[HACKERS] Transactional sequence stuff breaks pg_upgrade - Mailing list pgsql-hackers

From Tom Lane
Subject [HACKERS] Transactional sequence stuff breaks pg_upgrade
Date
Msg-id 19785.1497215827@sss.pgh.pa.us
Whole thread Raw
Responses Re: [HACKERS] Transactional sequence stuff breaks pg_upgrade
Re: [HACKERS] Transactional sequence stuff breaks pg_upgrade
List pgsql-hackers
I believe I've identified the reason why skink and some other buildfarm
members have been failing the pg_upgrade test recently.  It is that
recent changes in sequence support have caused binary-upgrade restore
runs to do some sequence OID/relfilenode assignments without any heed
to the OIDs that pg_upgrade tried to impose on those sequences.  Once
those sequences have relfilenodes other than the intended ones, they
are land mines for all subsequent pg_upgrade-controlled table OID
assignments.

I am not very sure why it's so hard to duplicate the misbehavior; perhaps,
in order to make the failure happen with the current regression tests,
it's necessary for a background auto-analyze to happen and consume some
OIDs (for pg_statistic TOAST entries) at just the wrong time.  However,
I can definitely demonstrate that there are uncontrolled relfilenode
assignments happening during pg_upgrade's restore run.  I stuck an
elog() call into GetNewObjectId(), along with generation of a stack
trace using backtrace(), and here is one example:

[593daad3.4863:2243] LOG:  generated OID 16735
[593daad3.4863:2244] STATEMENT:  -- For binary upgrade, must preserve pg_class oidsSELECT
pg_catalog.binary_upgrade_set_next_heap_pg_class_oid('46851'::pg_catalog.oid);--For binary upgrade, must preserve
pg_typeoidSELECT pg_catalog.binary_upgrade_set_next_pg_type_oid('46852'::pg_catalog.oid);ALTER TABLE "itest10" ALTER
COLUMN"a" ADD GENERATED BY DEFAULT AS IDENTITY (    SEQUENCE NAME "itest10_a_seq"    START WITH 1    INCREMENT BY 1
NOMINVALUE    NO MAXVALUE    CACHE 1); 

postgres: postgres regression [local] ALTER TABLE(GetNewObjectId+0xda) [0x50397a]
postgres: postgres regression [local] ALTER TABLE(GetNewRelFileNode+0xec) [0x52430c]
postgres: postgres regression [local] ALTER TABLE(RelationSetNewRelfilenode+0x79) [0x851d59]
postgres: postgres regression [local] ALTER TABLE(AlterSequence+0x1cd) [0x5d976d]
postgres: postgres regression [local] ALTER TABLE() [0x75d279]
postgres: postgres regression [local] ALTER TABLE(standard_ProcessUtility+0xb7) [0x75dec7]
postgres: postgres regression [local] ALTER TABLE() [0x75cb1d]
postgres: postgres regression [local] ALTER TABLE(standard_ProcessUtility+0xb7) [0x75dec7]
postgres: postgres regression [local] ALTER TABLE() [0x759f0b]
postgres: postgres regression [local] ALTER TABLE() [0x75ae91]
postgres: postgres regression [local] ALTER TABLE(PortalRun+0x250) [0x75b740]
postgres: postgres regression [local] ALTER TABLE() [0x757be7]
postgres: postgres regression [local] ALTER TABLE(PostgresMain+0xe08) [0x759968]
postgres: postgres regression [local] ALTER TABLE(PostmasterMain+0x1a99) [0x6e21a9]
postgres: postgres regression [local] ALTER TABLE(main+0x6b8) [0x65b958]
/lib64/libc.so.6(__libc_start_main+0xfd) [0x3f3bc1ed1d]
postgres: postgres regression [local] ALTER TABLE() [0x473899]

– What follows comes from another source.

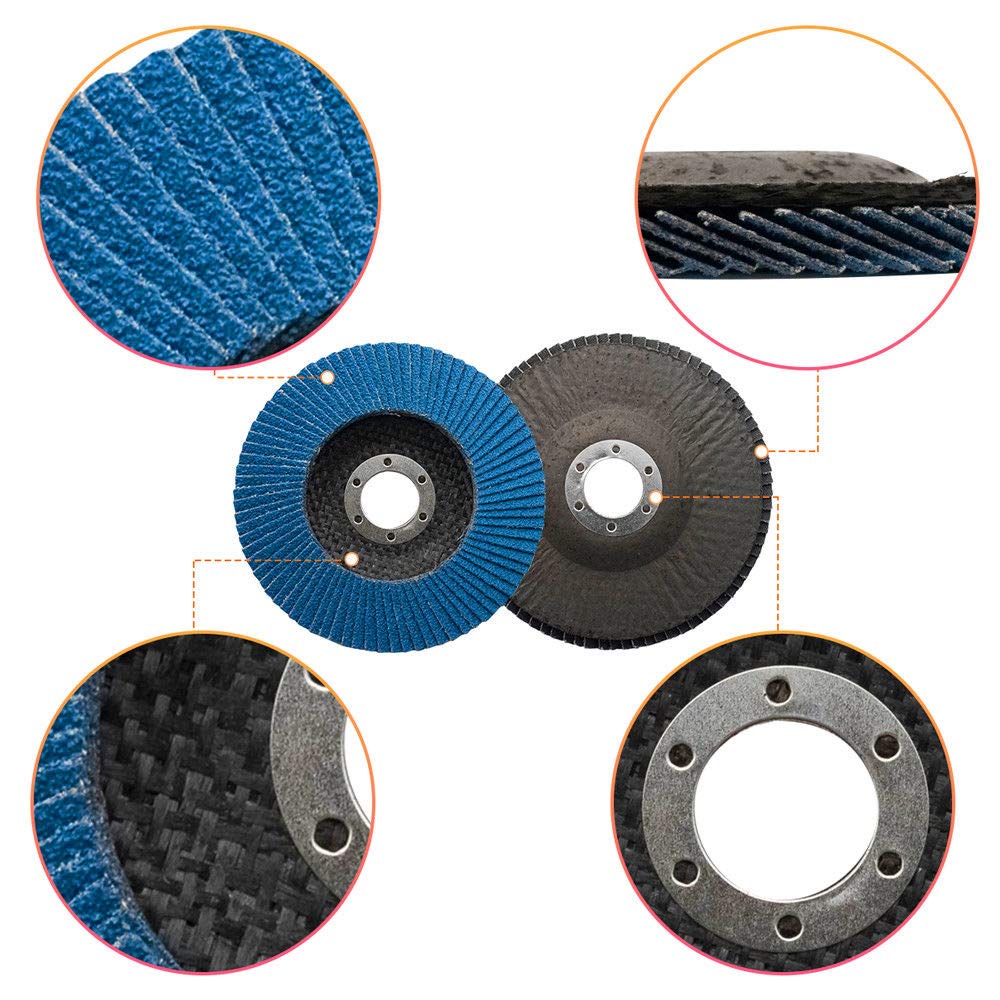 Lot de 10 disques abrasifs à lamelles de 115 mm Grain 40 60 80 120 pour meuleuse d'angle (80 mm)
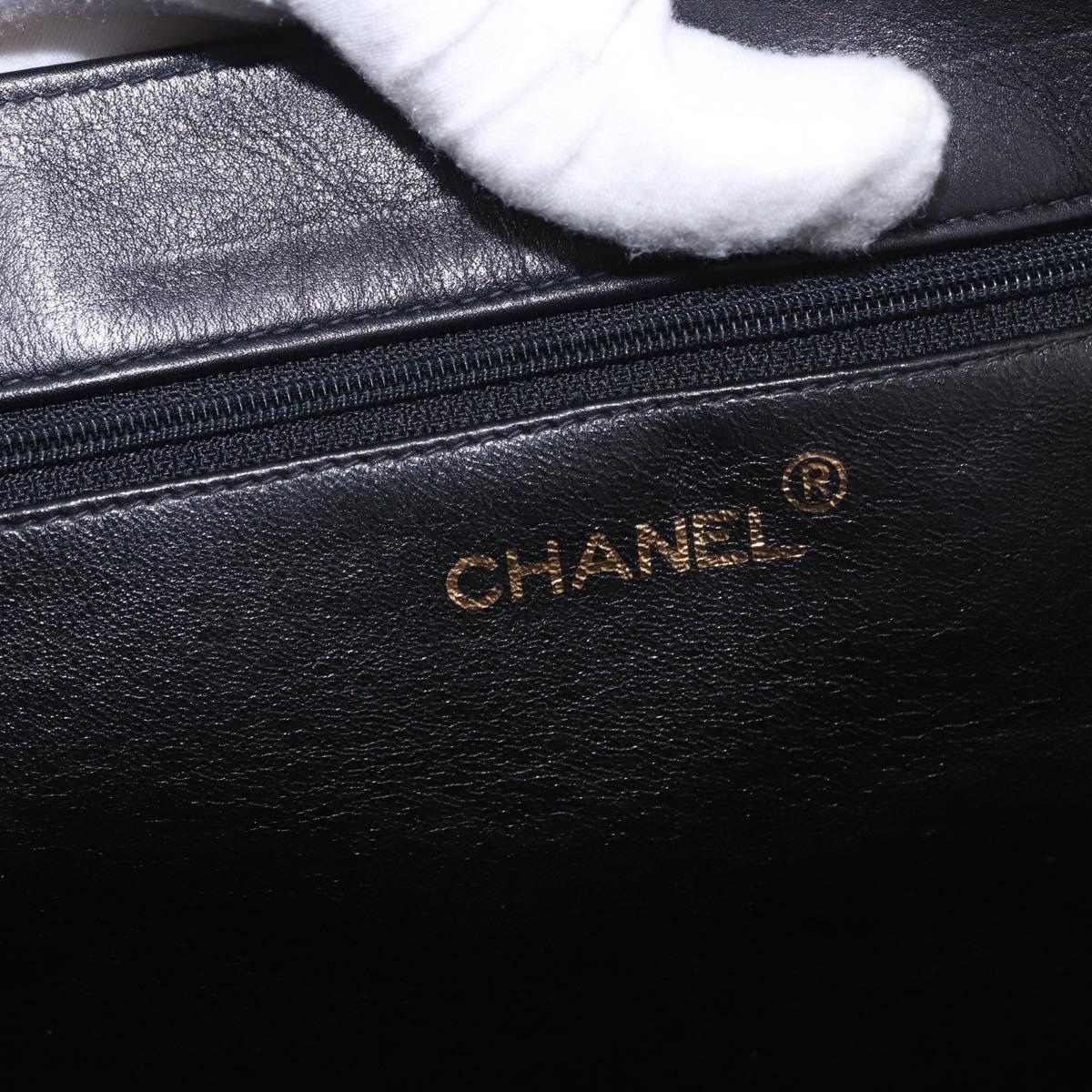 CHANEL Chain Shoulder Tote Bag Lamb Skin Black Gold CC Auth 189822V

Judging by when we started to see buildfarm failures, I think that
commit 3d79013b9 probably broke it, but the problem seems latent
in the whole concept of transactional sequence information.

Not sure what we want to do about it.  One idea is to make
ALTER SEQUENCE not so transactional when in binary-upgrade mode.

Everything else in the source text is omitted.